Os Riscos da Guerra Comercial entre EUA e China para o Brasil
A reindustrialização em curso nos Estados Unidos, impulsionada pela rivalidade com a China, levanta uma questão delicada: onde será realocada a produção que eventualmente o Leste Asiático deixar de fornecer ao mercado americano? Diante disso, o Brasil corre o risco de se tornar um dos destinatários desse excedente industrial, sem qualquer benefício duradouro em termos de estrutura produtiva ou autonomia tecnológica para nosso país. Esse cenário evidencia a urgência de um plano nacional de desenvolvimento baseado na reindustrialização estratégica. Não basta esperar que o mercado resolva os desequilíbrios. É necessário agir com clareza, urgência e coragem para transformar a estrutura produtiva do país.

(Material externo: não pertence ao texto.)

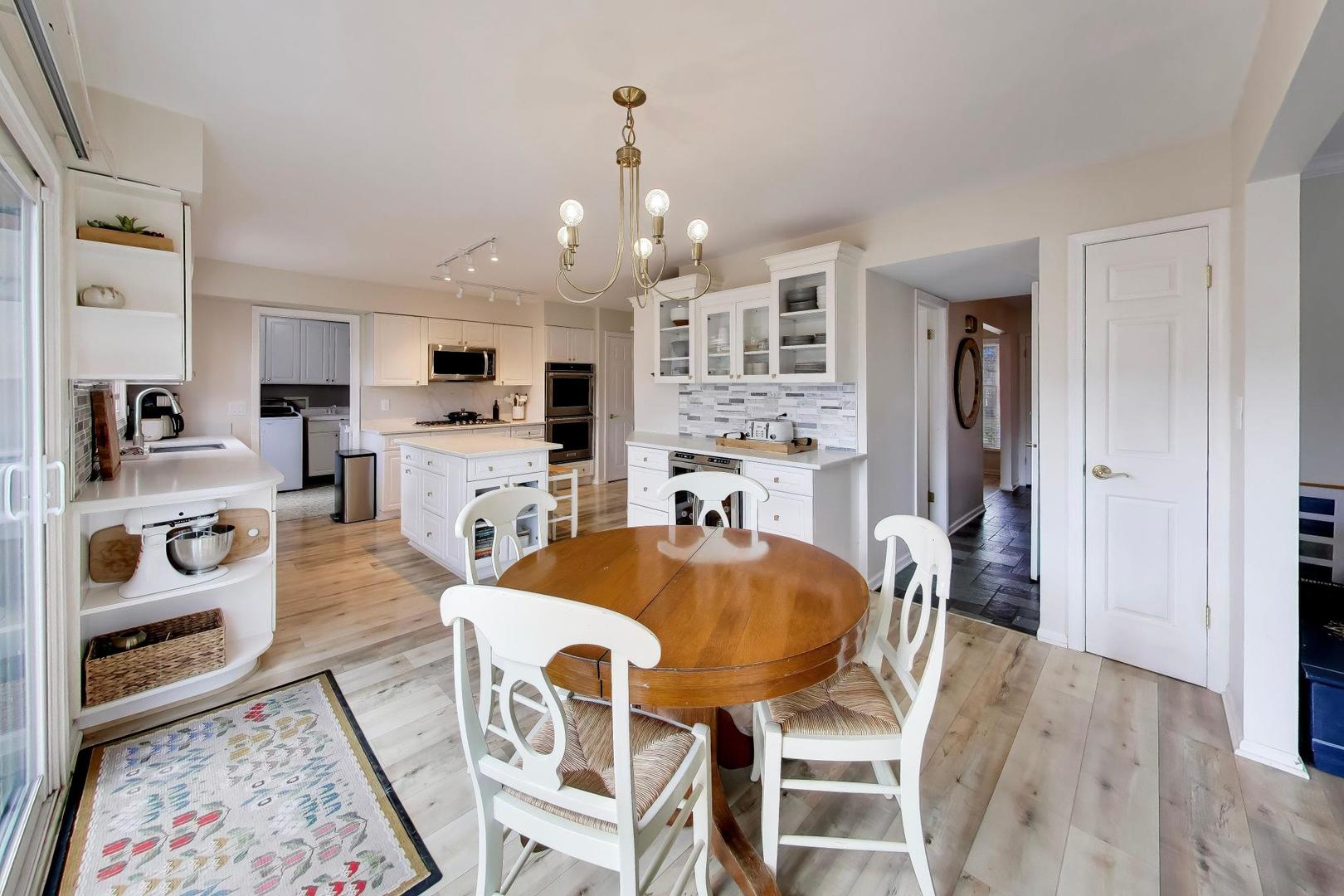 5405 Silentbrook Lane, Rolling Meadows, IL 60008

O Papel do Estado: Inovar para Criar Mercados
Como bem argumenta a economista Mariana Mazzucato, o Estado deve atuar como criador de mercados — não apenas como regulador ou financiador. Ele precisa assumir riscos que o setor privado, limitado pelo curto prazo, não está disposto a encarar. A inovação real, aquela que transforma sociedades, exige enfrentamento da incerteza (ou seja, a ausência de qualquer certeza) — e é aí que o Estado pode e deve liderar.
Exemplos históricos são abundantes: da corrida das grandes navegações, iniciada no século XV, ao desenvolvimento da internet no século XX, o poder público foi o motor inicial das inovações que moldaram o mundo moderno. No Brasil, essa consciência ainda é frágil, e muitas vezes sufocada por discursos ideológicos que opõem Estado e mercado como se fossem rivais. A verdadeira inovação nasce da cooperação: universidades, empresas e governo atuando em conjunto em prol de metas claras. Isso exige abandonar o paradigma atual e reconhecer que necessitamos da coordenação estatal, para que o desenvolvimento econômico e aumento de poder de compra dos brasileiros seja uma realidade no longo prazo.
O Foco no Desenvolvimento de um Sistema Nacional de Inovação Integrado
Uma possibilidade estratégica para o Brasil seria a criação de um sistema nacional de inovação robusto e duradouro, estruturado como uma política de Estado, independentemente dos ciclos políticos. A ideia seria que esse sistema integrasse agentes públicos e privados em torno de missões nacionais estratégicas, conectando a pesquisa fundamental às aplicações práticas na indústria.
O estímulo à criação de consórcios estratégicos, que uniriam universidades públicas de referência, centros tecnológicos como o SENAI e outros braços da Confederação Nacional da Indústria (CNI), grandes empresas de setores chave e start-ups, garantiria as bases para o desenvolvimento desse sistema de inovação. Essa colaboração proporcionaria uma troca valiosa de conhecimentos e recursos, promovendo sinergias que acelerariam a inovação e a transferência de tecnologia para o setor produtivo.
Claro que, para garantir que essa roda girasse, seria fundamental garantir orçamentos estáveis e sustentáveis, além de definição de metas claras, acompanhadas de indicadores mensuráveis, contribuindo para o sucesso a longo prazo.
A ideia seria complementada pela adoção de políticas públicas que utilizem as compras governamentais como instrumento para retroalimentar e impulsionar o modelo, criando um mercado robusto para novos produtos e tecnologias. Assim, o governo não só estimularia a inovação no setor privado, mas também contribuiria para a construção de um ecossistema industrial mais competitivo. Superar essas barreiras poderia ser um passo importante para evitar que o Brasil continue promovendo "ilhas de excelência" que, embora notáveis, não geram impactos estruturais e duradouros na economia.
Conclusão
O Brasil encontra-se novamente diante de uma encruzilhada histórica. A escolha é clara: ou nos organizamos para uma reindustrialização estratégica e sustentável, ou devemos nos resignar à manutenção do modelo de livre mercado, que não tem possibilitado resultados positivos para aqueles países pobres ou de renda média que o têm adotado nos últimos 30 anos.
Daniel Luís da Silva.
Bacharel e Mestre em Engenharia, Graduando em Economia, atuando há mais de 20 anos como gestor de Projetos na Área de Óleo & Gás.